During the Great Depression the American economy slowed, as did the luxury boat business. The company was somewhat better positioned then other boat manufactures as it had remained a family-run business able to survive on building a small number of custom boats. In order to stay solvent the company also began building fast custom bootleggers for local rum-runners to smuggle booze the short distance from Canada to Detroit. The outbreak of World War II helped put the company on more solid footing. Louis' sons, Louie and Herbert, produced three experimental military boats for a joint venture between Gray Marine Motors and General Motors: the 49' GM2, the 53' GM3, and a 65' troop huller named GM6. GM3 was powered with four GM 6-71 diesels, making it the fastest diesel-powered boat in the United States.

In 1946 the first Mayea boat branded as a Mays Craft was design and built.

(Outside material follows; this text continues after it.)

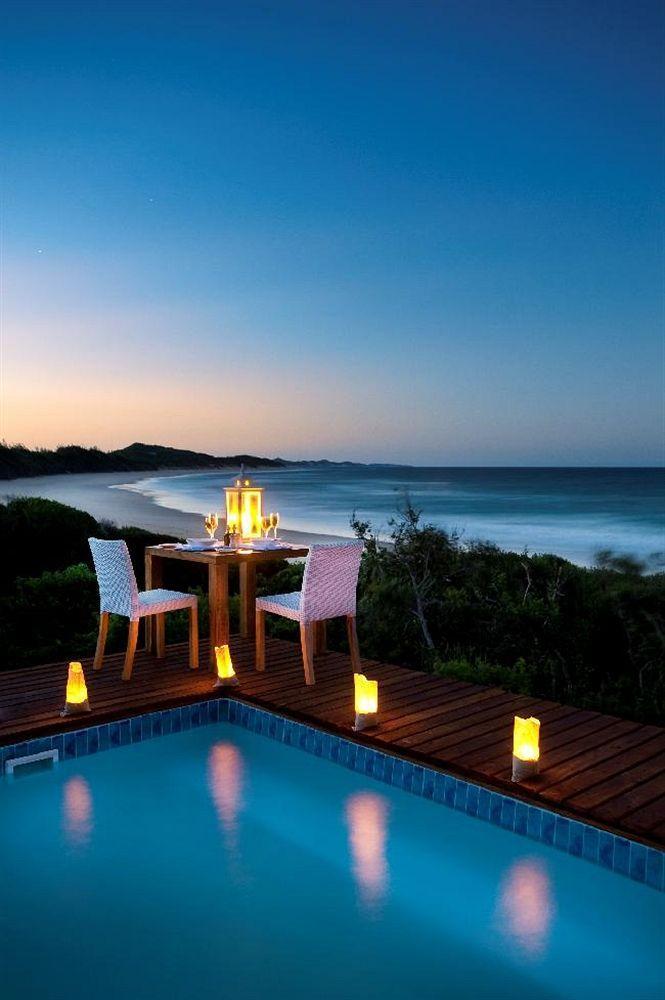 White Pearl Resorts Ponta Mamoli Inhaca Eksteriør billede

The company continued designing and building one-of-a-kind custom wooden boats through the years for customers such as William Andrew Fisher of Fisher Body.

===Today===
Mayea Boat & Aeroplane Works is run by third and fourth generation Mayeas. Mixing new technology with tradition handed down by their fathers and grandfathers, the company still designs and builds custom one-of-a-kind mahogany boats up to 60' in length. The Mayea family constructs one to two boats per year. The last boat to be built was a custom designed and built 47' mahogany runabout. It is thought to be the world's largest custom diesel-powered varnished mahogany runabout. The boat's amenities include hand-wrapped ostrich skin seats, black ebony inlaid teak floors, 850 horsepower Italian Sea Tec diesels and custom fabricated stainless steel hardware.